Review Summary: Bleeps, bloops, blast beats.
Okay so I’m going to be totally honest with you, I’ve never really vibed with the whole electronica meets grind thing. I tried to get into Genghis Tron when I was a teenager but it just never really clicked with me. I guess I couldn’t appreciate the contrast of the synthesizers, keys and dance oriented sections against the wall of noise and insanity.
Then I innocently chanced upon
DEATH AWAITS, the sophomore album from James McHenry’s solo project turned three piece band, Blind Equation, and while I still had some difficulty really getting into it, I have to admit that this album is actually pretty damned fun.
I’ll start with the fact that the album predominantly feels like a grind album.
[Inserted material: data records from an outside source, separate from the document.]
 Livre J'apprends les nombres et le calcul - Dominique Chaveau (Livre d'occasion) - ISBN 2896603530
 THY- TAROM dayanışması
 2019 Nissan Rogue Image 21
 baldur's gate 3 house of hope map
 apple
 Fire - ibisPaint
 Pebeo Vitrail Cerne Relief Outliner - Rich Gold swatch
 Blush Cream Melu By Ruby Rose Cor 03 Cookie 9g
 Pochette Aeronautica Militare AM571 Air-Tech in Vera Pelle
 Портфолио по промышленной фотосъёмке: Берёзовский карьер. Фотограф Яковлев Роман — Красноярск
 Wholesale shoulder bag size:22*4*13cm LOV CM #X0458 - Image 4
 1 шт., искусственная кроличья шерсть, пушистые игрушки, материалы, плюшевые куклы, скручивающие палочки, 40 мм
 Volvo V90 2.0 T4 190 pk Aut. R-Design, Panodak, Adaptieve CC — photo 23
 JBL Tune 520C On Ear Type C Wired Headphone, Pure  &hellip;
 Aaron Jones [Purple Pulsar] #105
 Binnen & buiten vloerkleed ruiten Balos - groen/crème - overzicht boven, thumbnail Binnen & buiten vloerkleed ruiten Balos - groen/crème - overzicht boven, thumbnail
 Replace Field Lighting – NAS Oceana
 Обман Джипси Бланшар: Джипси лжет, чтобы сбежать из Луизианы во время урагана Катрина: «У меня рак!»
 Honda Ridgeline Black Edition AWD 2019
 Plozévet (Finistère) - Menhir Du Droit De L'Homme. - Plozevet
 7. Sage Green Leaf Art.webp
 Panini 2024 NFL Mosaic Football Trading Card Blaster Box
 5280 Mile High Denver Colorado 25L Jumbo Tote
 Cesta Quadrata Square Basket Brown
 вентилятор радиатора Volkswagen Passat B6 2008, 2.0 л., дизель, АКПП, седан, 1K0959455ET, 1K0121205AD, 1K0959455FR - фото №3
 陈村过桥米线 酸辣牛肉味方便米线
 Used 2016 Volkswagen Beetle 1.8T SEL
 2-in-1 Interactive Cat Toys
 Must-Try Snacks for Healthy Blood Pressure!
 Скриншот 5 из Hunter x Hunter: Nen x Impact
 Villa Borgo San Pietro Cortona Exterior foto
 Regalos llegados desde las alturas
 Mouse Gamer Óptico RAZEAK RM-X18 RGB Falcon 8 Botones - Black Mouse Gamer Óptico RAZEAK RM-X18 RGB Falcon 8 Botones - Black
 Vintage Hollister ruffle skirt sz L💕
There isn’t much of an attempt to clash dance beats against grindcore—the backbone of the songwriting is grindcore. The songs are short, the shrilly screams are nearly indecipherable, the drum patterns practically never stop, etc. From that base, the electronica elements are stacked on top, mainly through the use of specific synth lines (played by a keytar live) to replace what would be an electric guitar. My point here though is that it never feels like the album can’t decide or doesn’t know what it is, and the album flows as a result. That doesn’t mean there aren’t dancey segments or passages, but they are used sparingly and in their own context. While the last stretch of the album starts to lean into this sort of sound more heavily, it never strays from being utterly bonkers in the best way.
Of course, the focus on a specific sounds lends to the album sort of blending together a lot, especially in the top half, which causes
DEATH AWAITS to become uninteresting after some time. Again, that’s not to say it isn’t a good time, it’s just that the album sort of mushes together after about ten minutes, which left me wondering when it began and where it would end.
Fortunately
DEATH AWAITS has more than enough positives to outweigh this factor, and while it may not be your album of the year, it’s definitely worth a trip.